- Born: Ashley Colón October 27, 1975 (age 50)
- Origin: Puerto Rico
- Genres: Merengue
- Occupation: Singer
- Instrument: Vocals
- Years active: 1997–present
- Labels: Sony Music VI Music GT MUSIK INC

= Ashley (singer) =

Puerto Rican merenque singer

Ashley Colón (born October 27, 1975, in Puerto Rico), nicknamed La Chica Bomba, is a Puerto Rican merengue singer.
Mostly influenced by popular Puerto Rican singer and actress Iris Chacón, Ashley began her successful career as a member of the tropical band Las Chicas del Clan (The Girls of the Clan). Her debut as a solo artist came in 1997 with the release of the album Yo Soy la Bomba. The hit song "Yo Soy La Reina" from the album of the same name followed that same year. She performed with Elvis Crespo at the annual Tu Música awards ceremony.
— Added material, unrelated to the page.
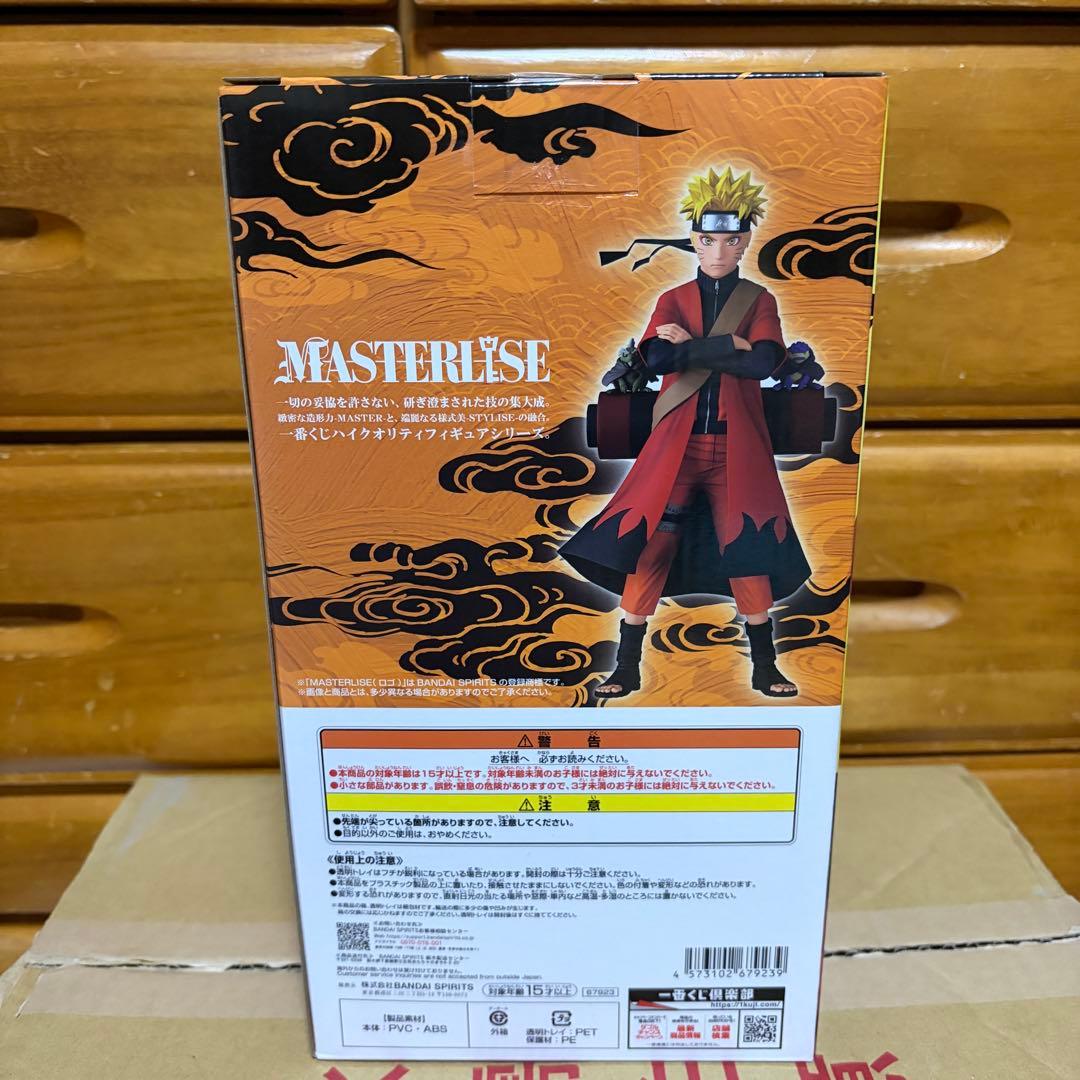 即購入⭕️ A賞 うずまきナルト 仙人モード 一番くじ MASTERISE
In 1999 Abrázame, meaning "hug me", became her international breakthrough, supported by a Latin American and U.S. tour. In 1999, she released a Tejano album called Sabor a dulce, followed by a greatest hits album in 2000 called Oro Merenguero. She also released El poder de las mujeres. Her most recent album, Estoy Loca, was released in 2003.

Ashley has charted on the Billboard Latin charts. She is nicknamed la chica bomba (the bomb[-astic] girl).